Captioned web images
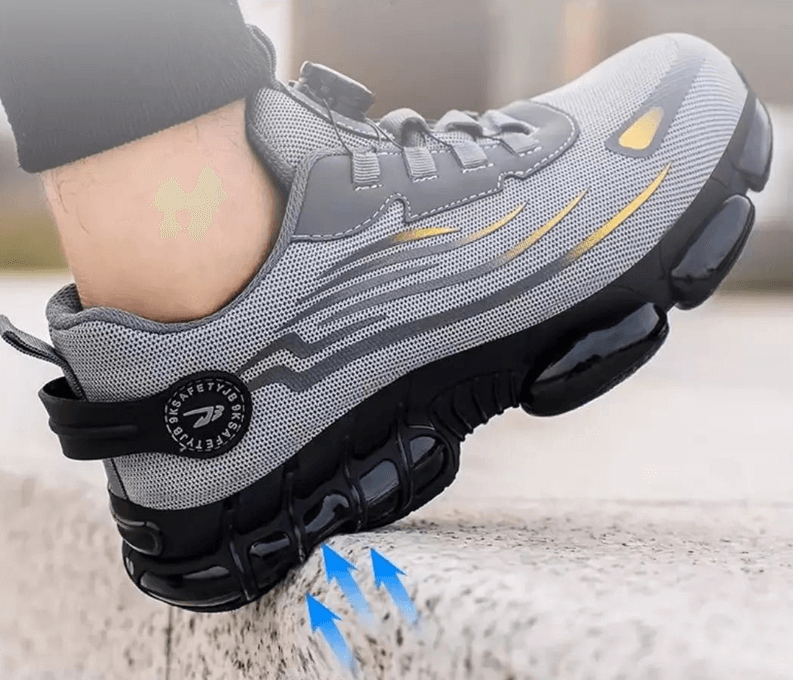 Asher - stylische orthopädische Sicherheitsschuhe für Männer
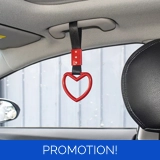 Heart Tsurikawa Car Hanger Red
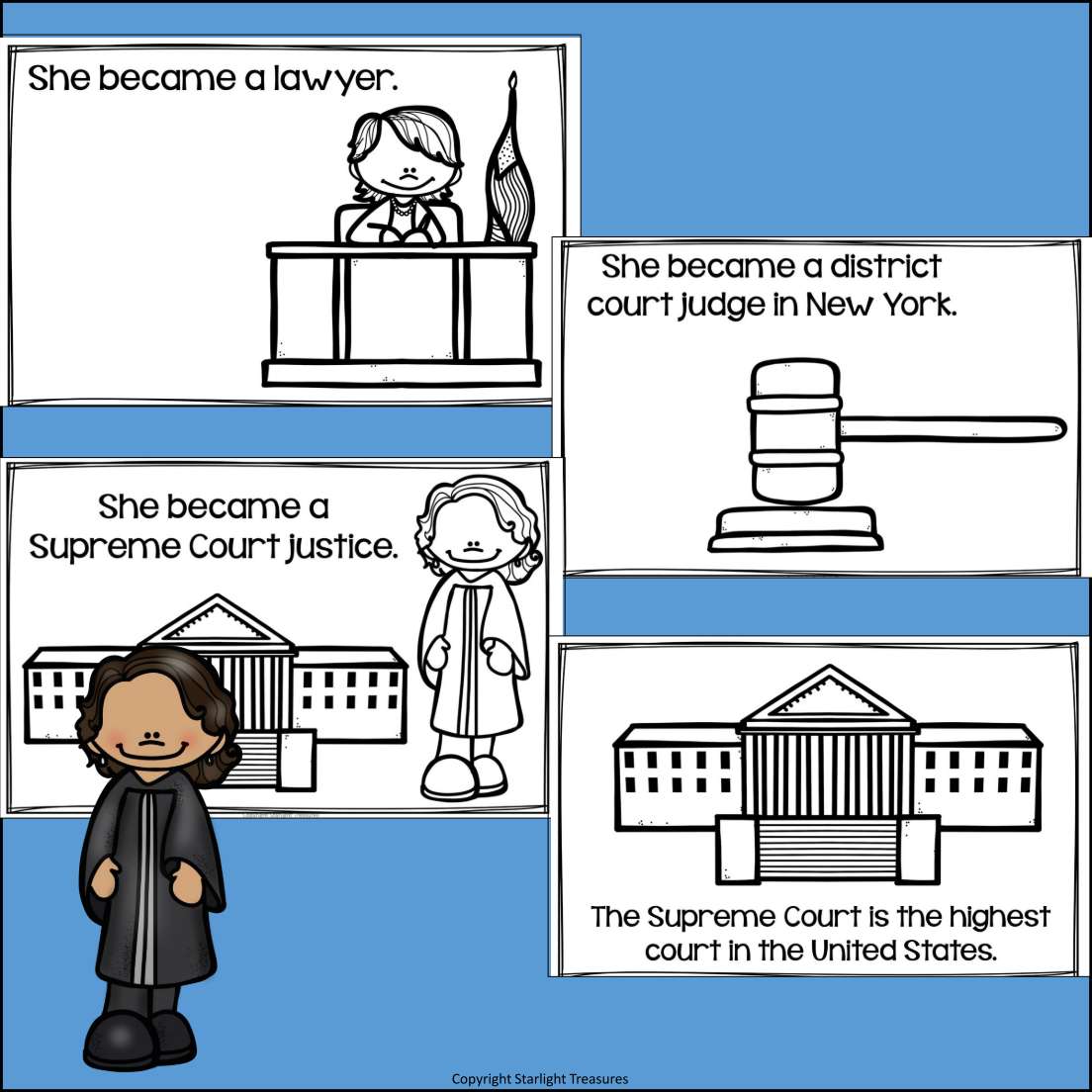 Sonia Sotomayor Mini Book for Early Readers: Hispanic Heritage Month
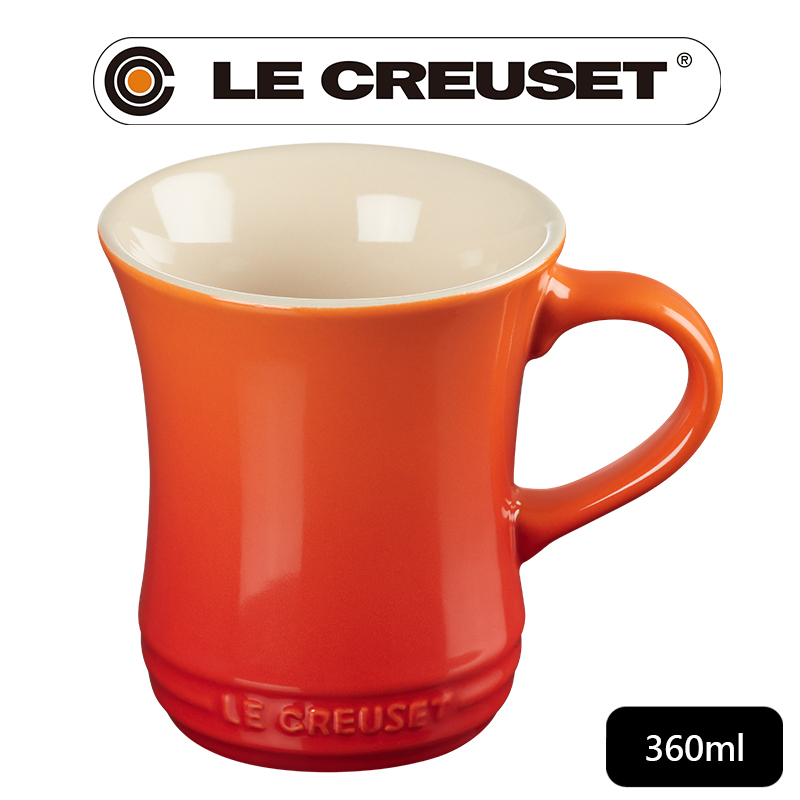 LE CREUSET-瓷器馬克杯360ml (火焰橘)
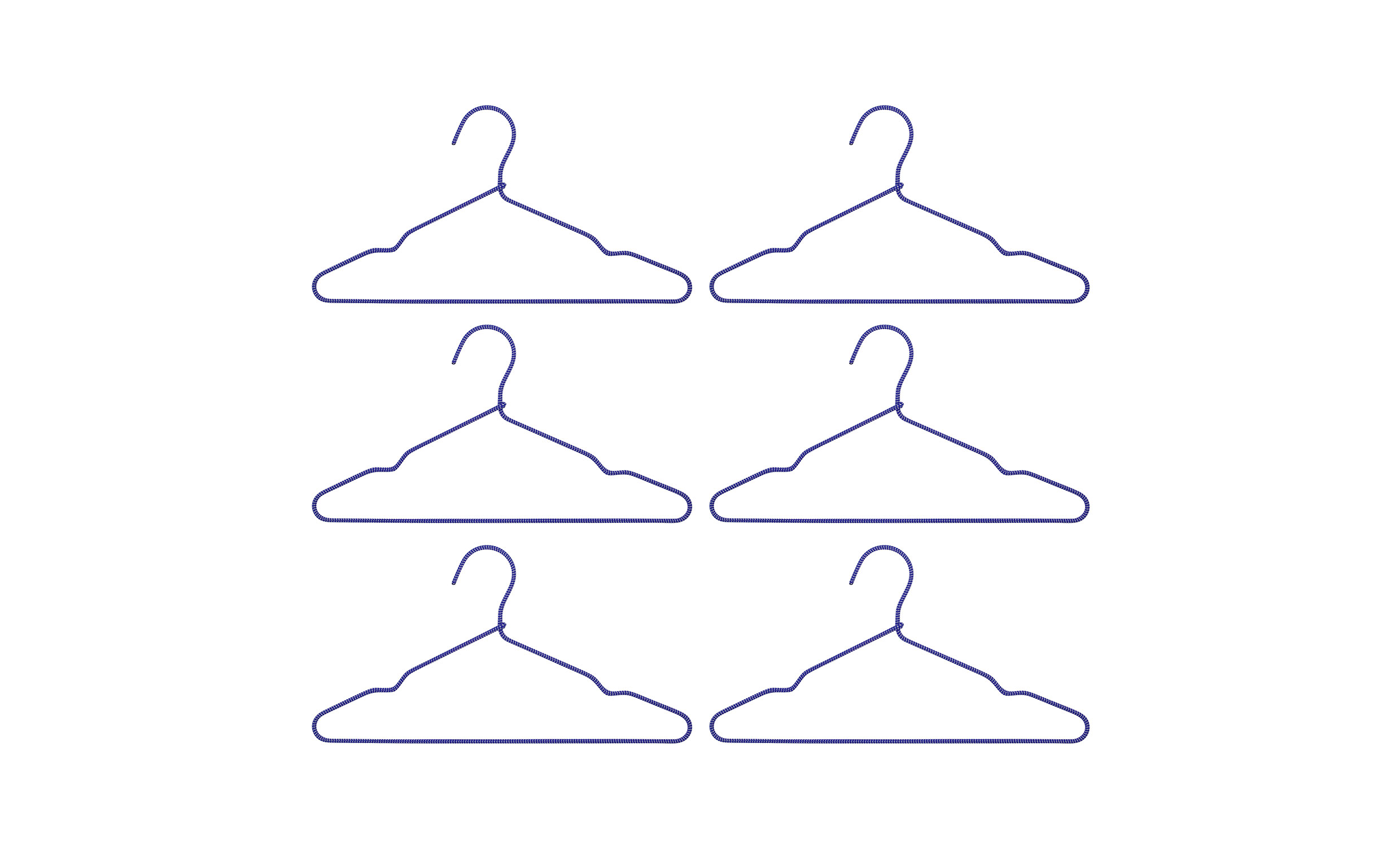 WIRE Galge 6-pack Bl�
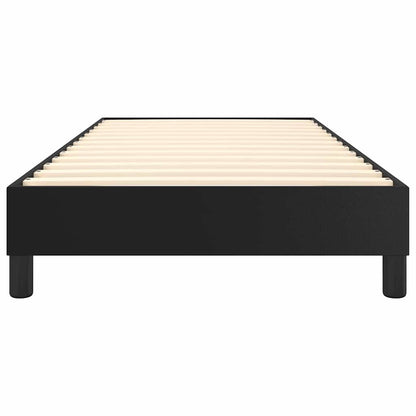 Struttura Letto a Rete a Molle Nero 90x200 cm in Similpelle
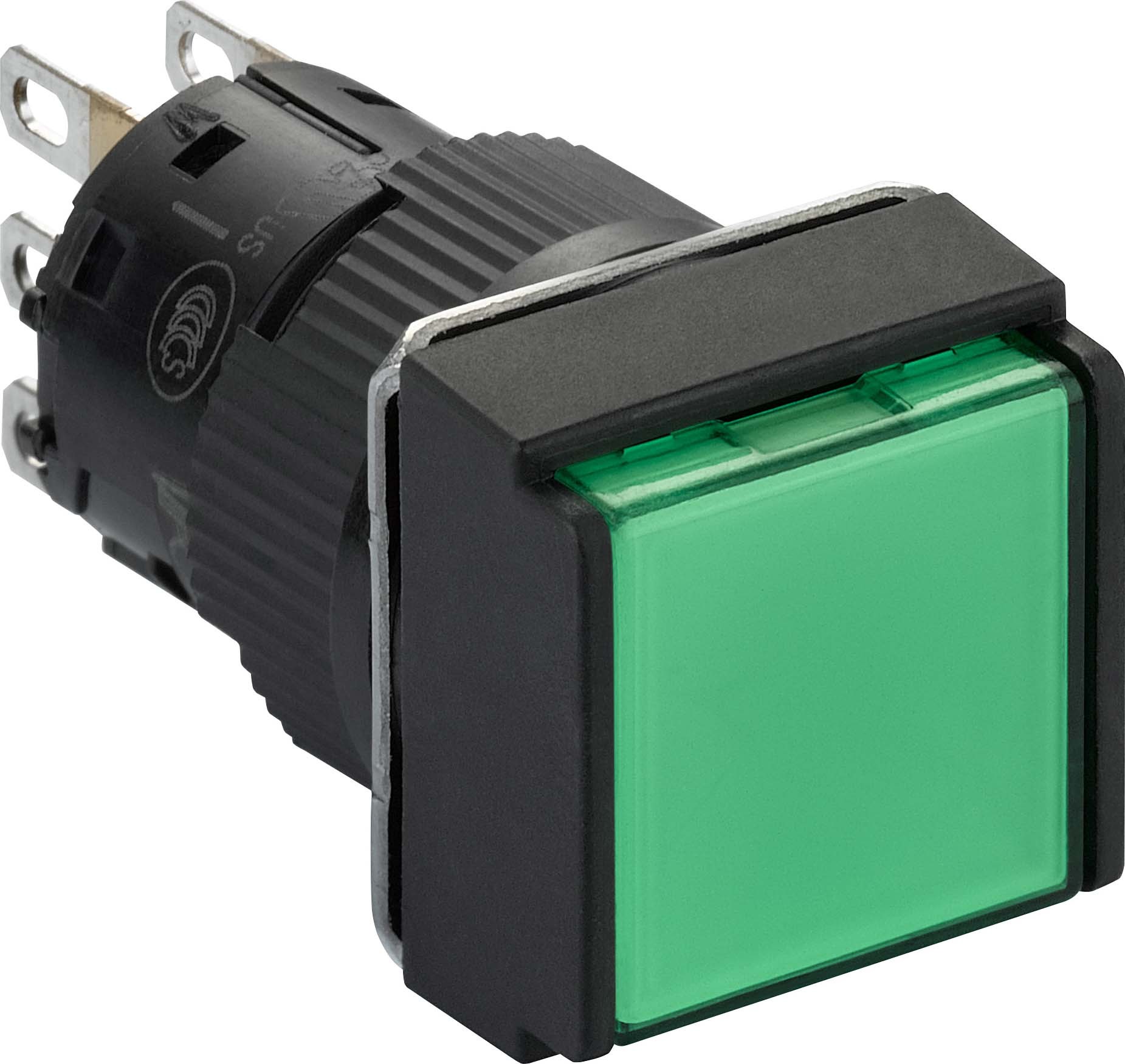 Schneider XB6ECW3B1P Grüner Leuchtdrucktaster Ø 16, flach, o. Rastung, 24 V, 1OC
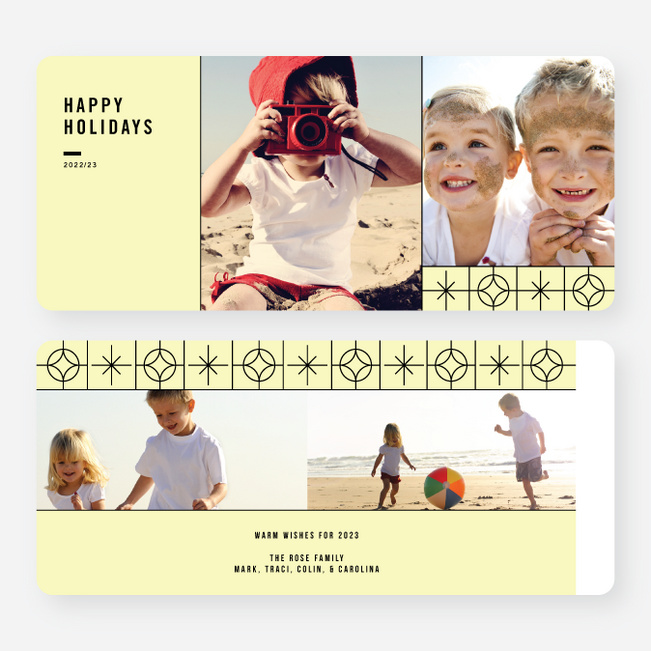Reach for the Stars Holiday Card - Yellow
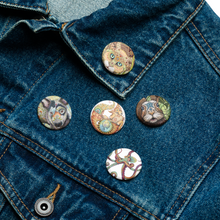 Load image into Gallery viewer, Set of pin 5 buttons by Ruby Charm Colors: Collection 1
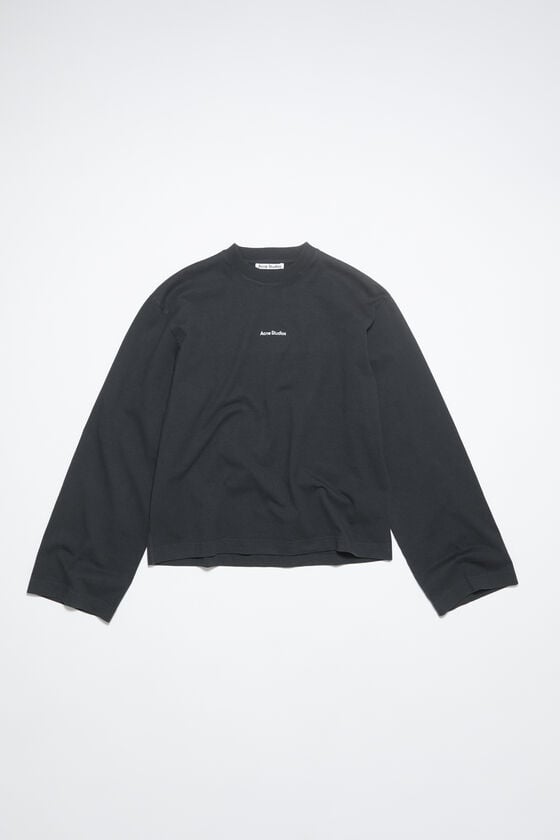 Acne Studios Langärmliges Logo-T-Shirt Super Sparpreis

• **Problem description**: Both the line above containing "Sonia Sotomayor Mini" and the line containing "Schneider XB6ECW3B1P Grüner" belong in the copy, along with every line between them; print these exactly and omit the pictures.

• **Written solution**:
 Sonia Sotomayor Mini Book for Early Readers: Hispanic Heritage Month
 LE CREUSET-瓷器馬克杯360ml (火焰橘)
 WIRE Galge 6-pack Bl�
 Struttura Letto a Rete a Molle Nero 90x200 cm in Similpelle
 Schneider XB6ECW3B1P Grüner Leuchtdrucktaster Ø 16, flach, o. Rastung, 24 V, 1OC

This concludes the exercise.